10 Tips For Choosing The Best MSSP For Your Company
From probing the MSSP’s reporting and quality management process to using a third-party adviser to benchmark competing MSSPs on price and scope, here are 10 things customers should consider when selecting an MSSP.
Seek More Than Just Monitoring Firewall And Router Logs
Monitoring a network and collecting logs won’t give organizations much of an idea of the threats they face, which assets are most critical to them, how the network is architected and if it’s OK for packets from one system to be able to cross over to another system, according to Kieran Norton, cyber risk services infrastructure solution leader for Deloitte Risk & Financial Advisory.

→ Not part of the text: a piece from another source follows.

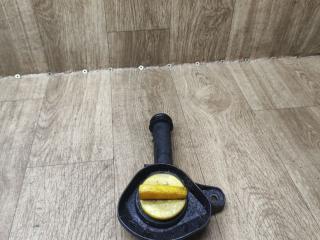 маслозаливная горловина Renault Sandero 2 поколение 2015, 1.2 л., D4F 732, бензин, МКПП, хетчбэк 5 дв.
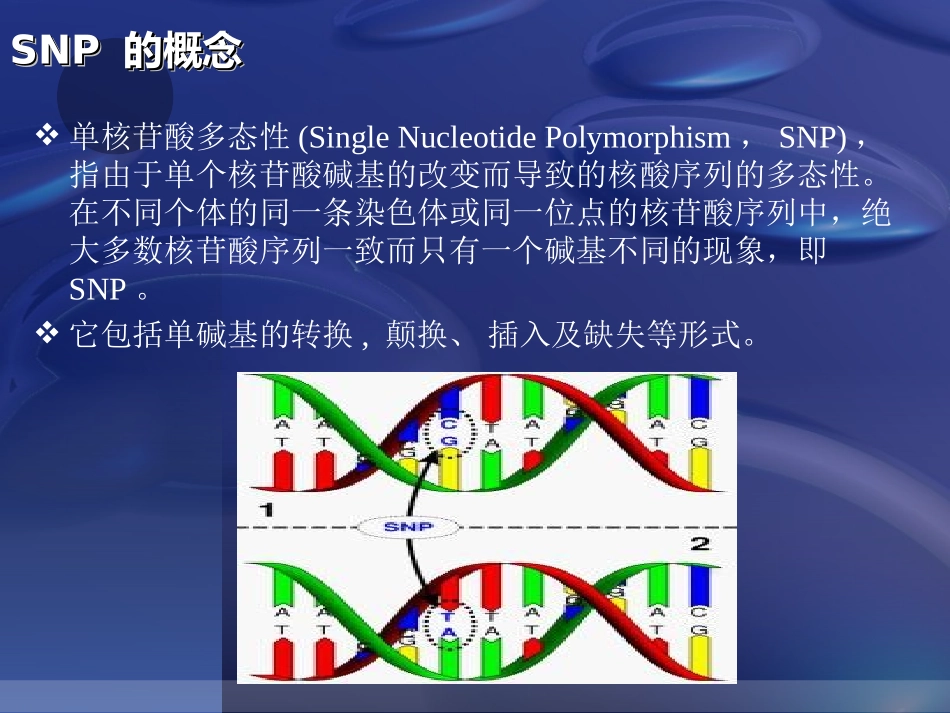 SNP分子标记的原理及应用解析_第2页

Router and firewall logs can identify potential threats, but Norton said the data and context are quite limited. Aggregating multiple sources of information such as telemetry from endpoints or DNS increases the likelihood that the MSSP will be able to identify issues and incidents that really matter with fewer false positives since they’re not missing part of the picture, Norton said.
As recently as five years ago, Norton said it was fairly common for MSSPs to focus on putting appliances in an environment and running and generating reports, an approach he said was not proactive. MSSPs must move away from a model of having lots of eyes on logs and transition to a more modern approach that uses automation to proactively address things as they’re happening in the real world.